▶ [Input]:
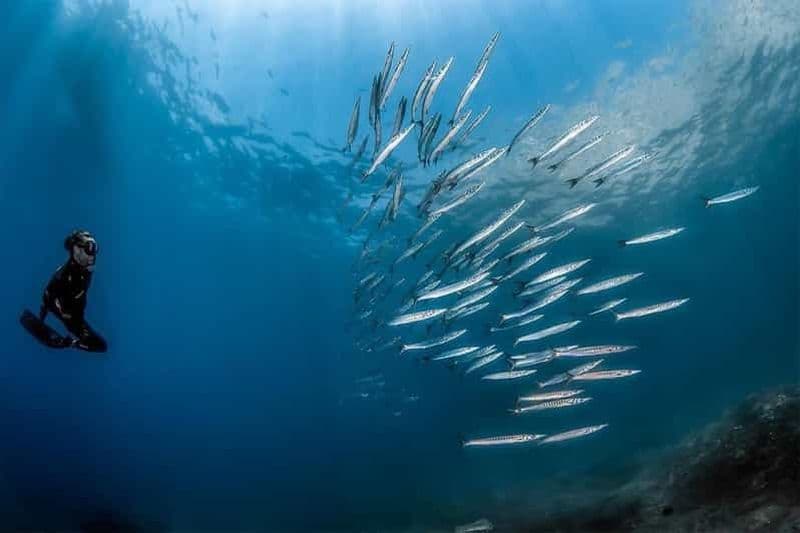 Billet Sorrente : Excursion matinale de plongée en apnée avec un biologiste marin.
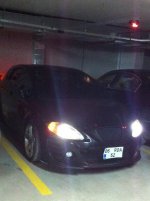 IMG_2128.jpg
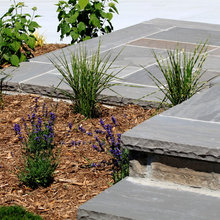 front landscaping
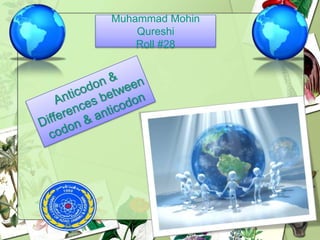 Muhammad Mohin
Qureshi
Roll #28
 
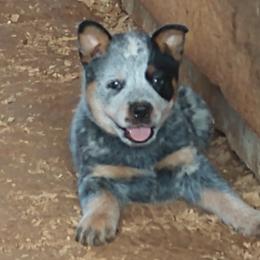 Australian Cattle Dog Puppies from Cindy McKinney's Australian Cattle Dogs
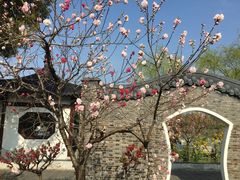 -南汇桃花村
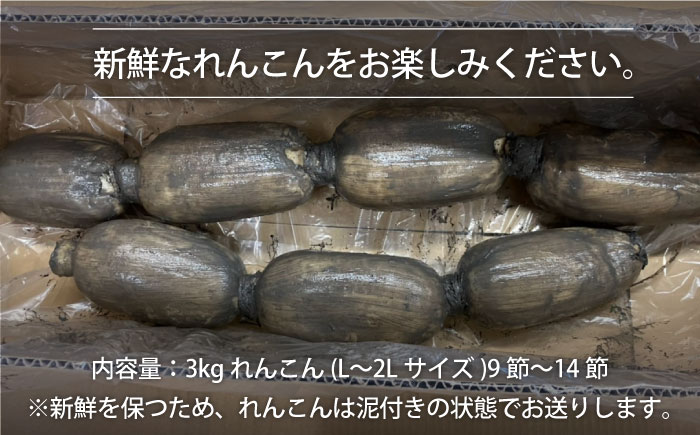 【年内発送】【農家直送！】 れんこん（泥付き） 3kg 【れんこんの家やました】/レンコン 蓮根 佐賀県産 白石町産 野菜 根菜 高品質 九州 佐賀県 白石町 [IAW006]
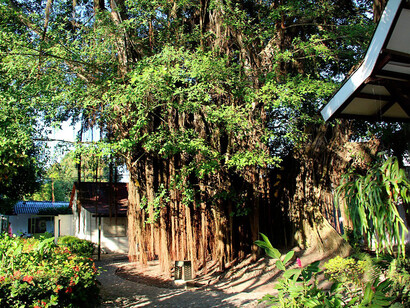 Árbol en el traspatio de la Casa Natal del escritor Gabriel García Márquez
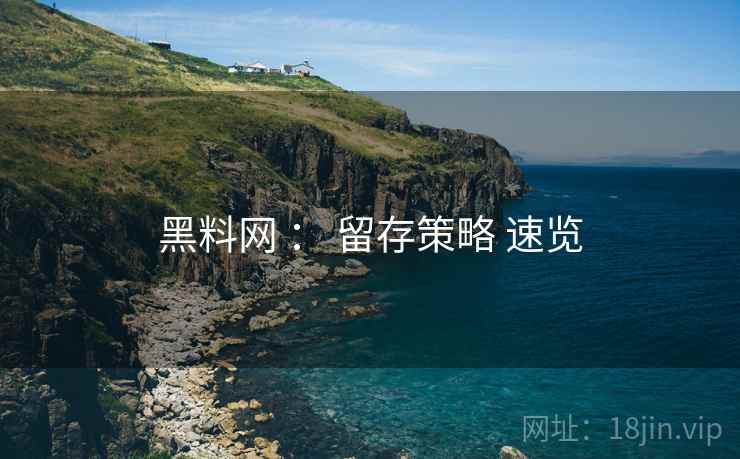 黑料网 ： 留存策略 速览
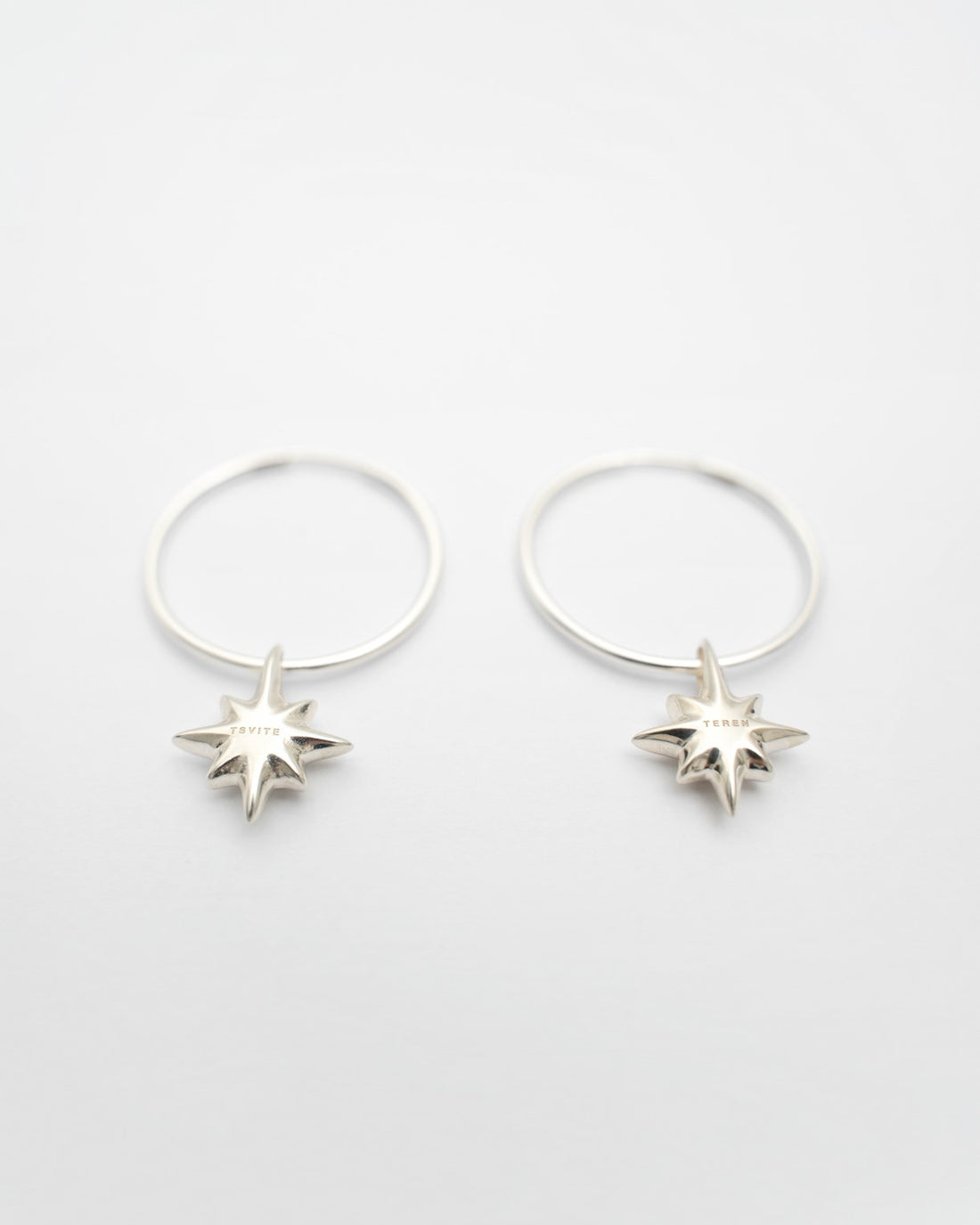 Drimota Earrings in Silver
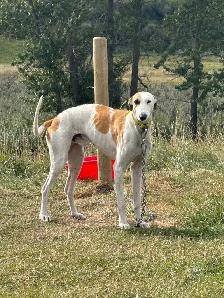 Bullarab puppies for rehoming - Photo 4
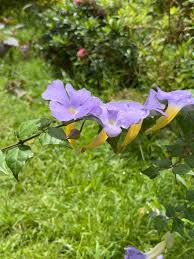 Image result for Thunbergia erecta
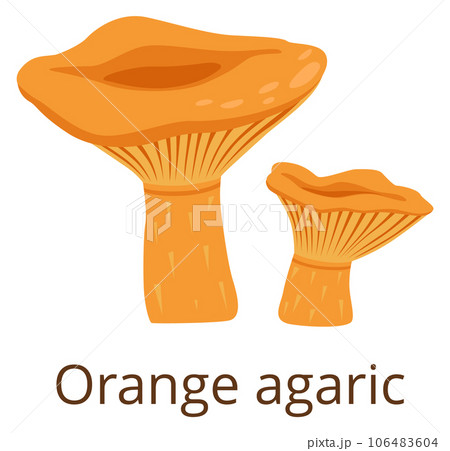 Orange agaric fungus. Forest mushroom color icon 106483604
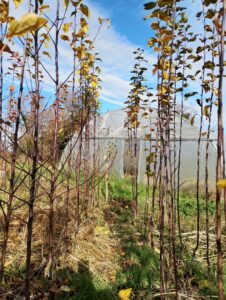 frutales injertados primer año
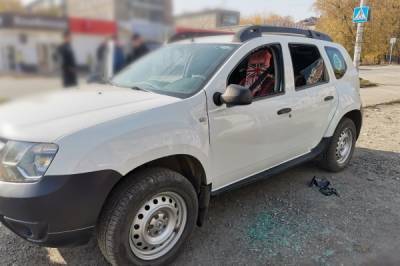 В Перми зоозащитники избили сотрудника мэрии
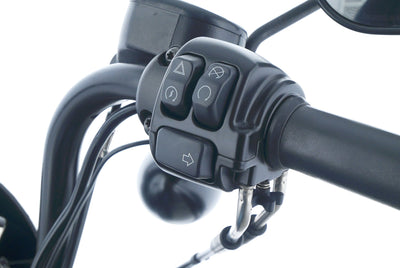 HARLEY DAVIDSON SPORTSTER XL 1200 NS IRON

▶ [Prompt]:
Repeat word for word, leaving out the pictures, each line of the records from the line that holds "front landscaping" through the final one.

▶ [Result below]:
 front landscaping
 Muhammad Mohin
Qureshi
Roll #28
 
 Australian Cattle Dog Puppies from Cindy McKinney's Australian Cattle Dogs
 -南汇桃花村
 【年内発送】【農家直送！】 れんこん（泥付き） 3kg 【れんこんの家やました】/レンコン 蓮根 佐賀県産 白石町産 野菜 根菜 高品質 九州 佐賀県 白石町 [IAW006]
 Árbol en el traspatio de la Casa Natal del escritor Gabriel García Márquez
 黑料网 ： 留存策略 速览
 Drimota Earrings in Silver
 Bullarab puppies for rehoming - Photo 4
 Image result for Thunbergia erecta
 Orange agaric fungus. Forest mushroom color icon 106483604
 frutales injertados primer año
 В Перми зоозащитники избили сотрудника мэрии
 HARLEY DAVIDSON SPORTSTER XL 1200 NS IRON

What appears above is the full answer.